Every line of the data should be written out exactly, with the pictures left out.

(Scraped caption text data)
★ ★ ★
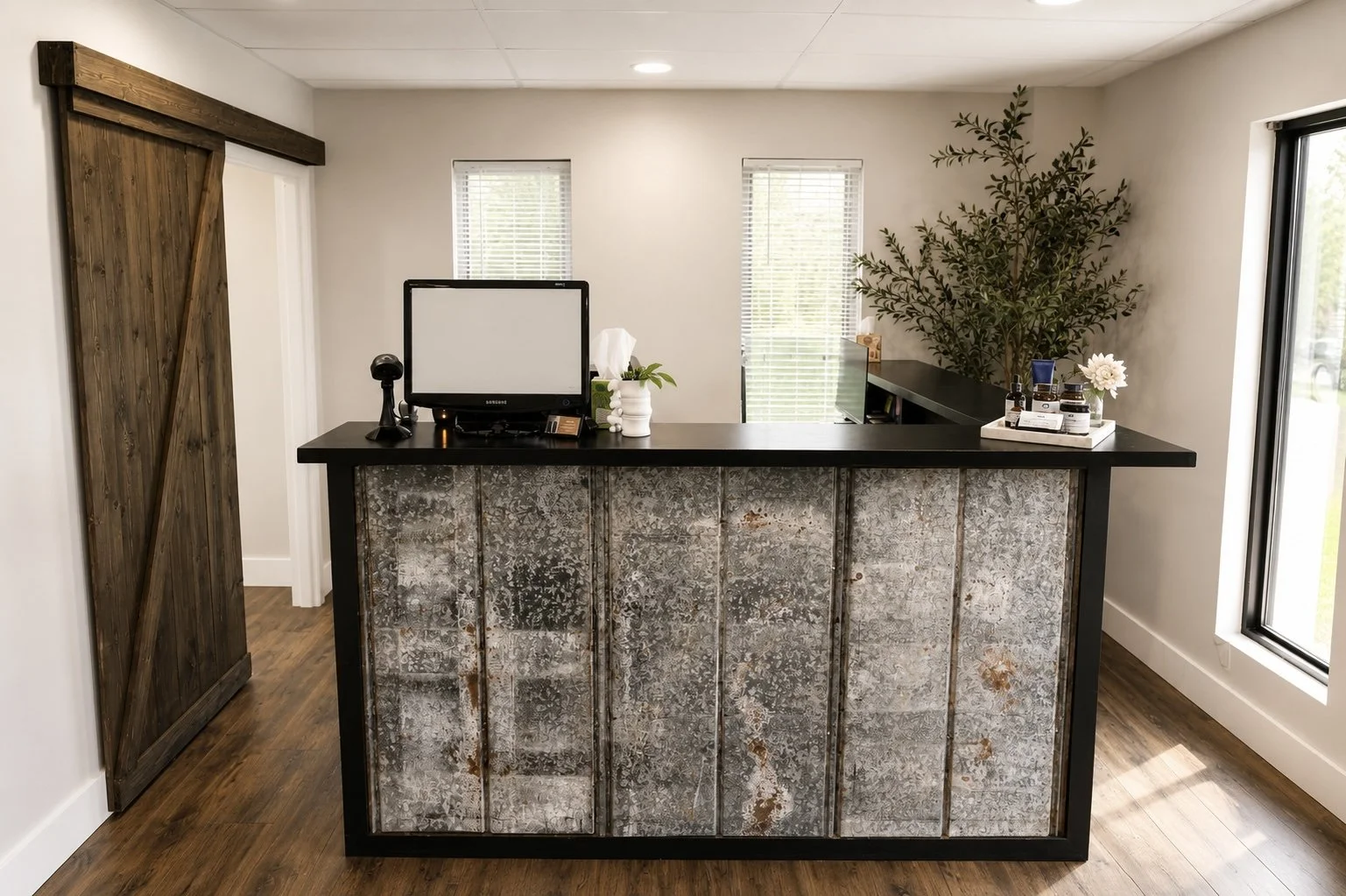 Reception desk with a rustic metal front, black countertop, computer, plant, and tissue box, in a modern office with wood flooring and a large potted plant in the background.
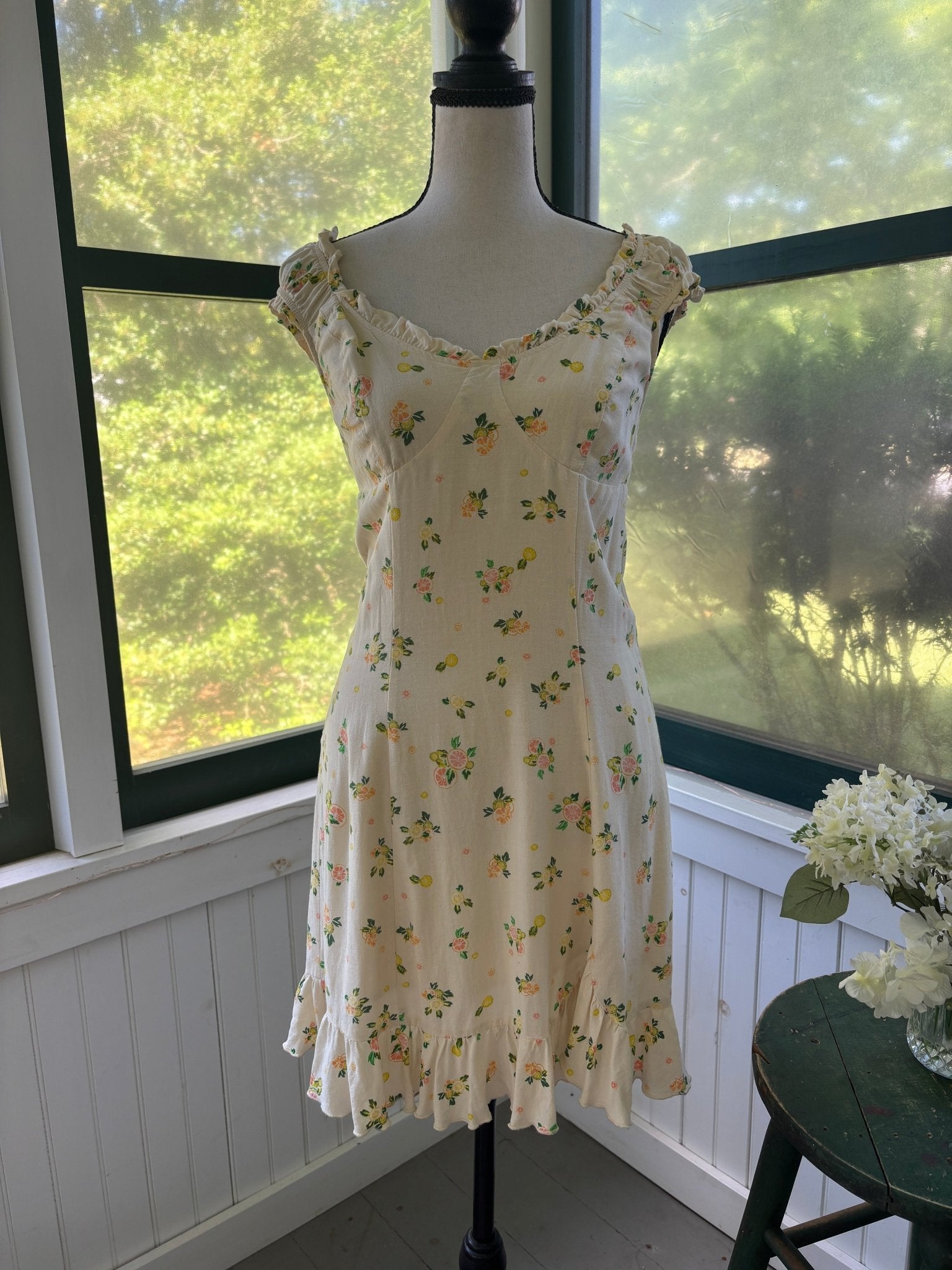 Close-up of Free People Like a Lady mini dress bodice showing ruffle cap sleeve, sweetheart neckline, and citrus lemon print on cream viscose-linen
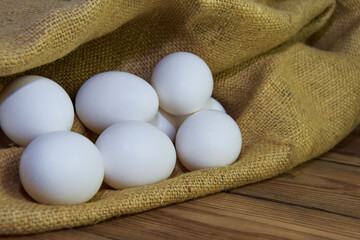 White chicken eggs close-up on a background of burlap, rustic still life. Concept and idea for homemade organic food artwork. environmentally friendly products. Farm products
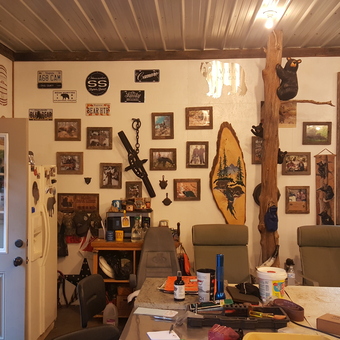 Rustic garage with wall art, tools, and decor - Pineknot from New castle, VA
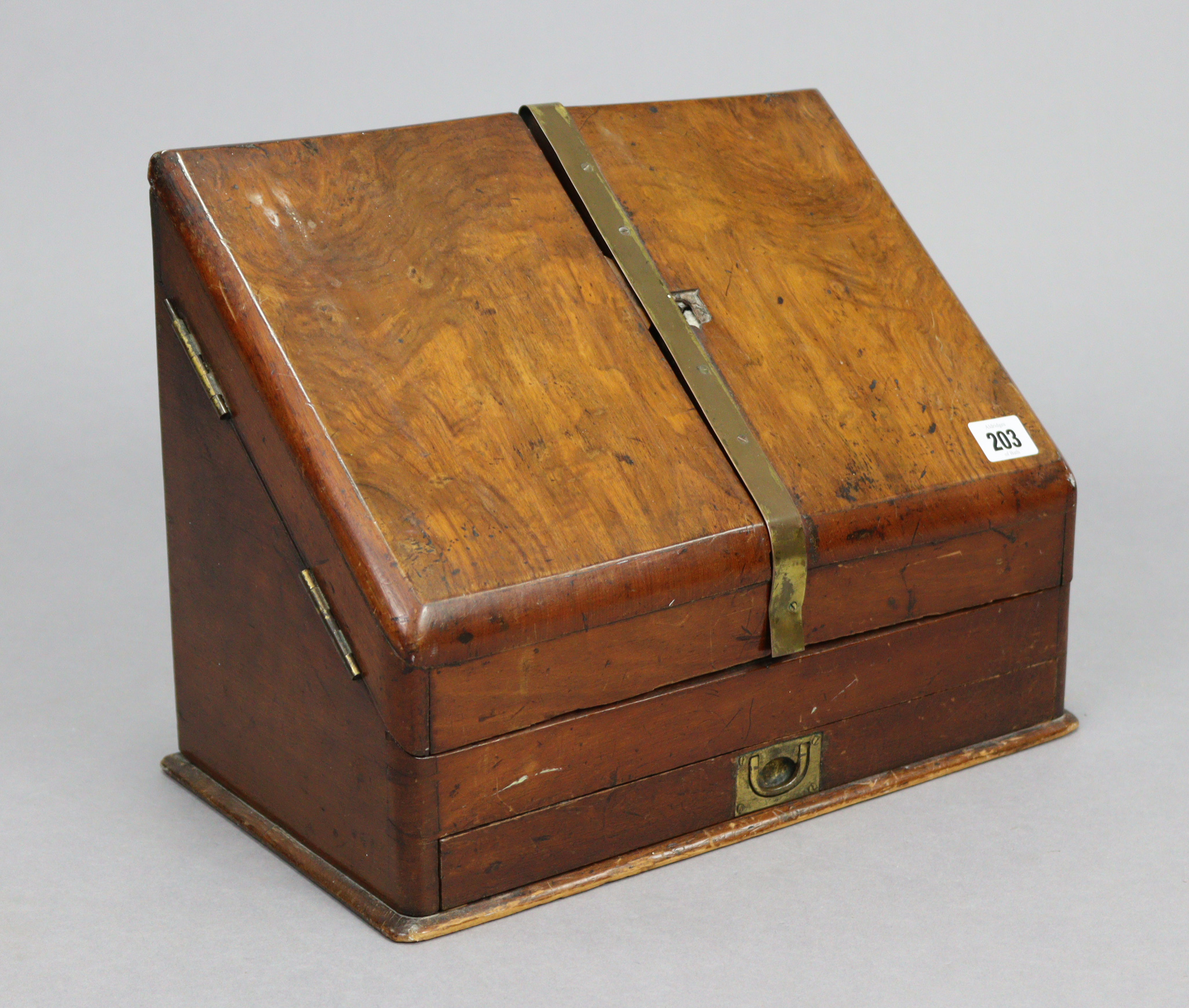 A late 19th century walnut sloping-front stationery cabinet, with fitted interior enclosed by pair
★ ★ ★
*Written answer*:
 Reception desk with a rustic metal front, black countertop, computer, plant, and tissue box, in a modern office with wood flooring and a large potted plant in the background.
 Close-up of Free People Like a Lady mini dress bodice showing ruffle cap sleeve, sweetheart neckline, and citrus lemon print on cream viscose-linen
 White chicken eggs close-up on a background of burlap, rustic still life. Concept and idea for homemade organic food artwork. environmentally friendly products. Farm products
 Rustic garage with wall art, tools, and decor - Pineknot from New castle, VA
 A late 19th century walnut sloping-front stationery cabinet, with fitted interior enclosed by pair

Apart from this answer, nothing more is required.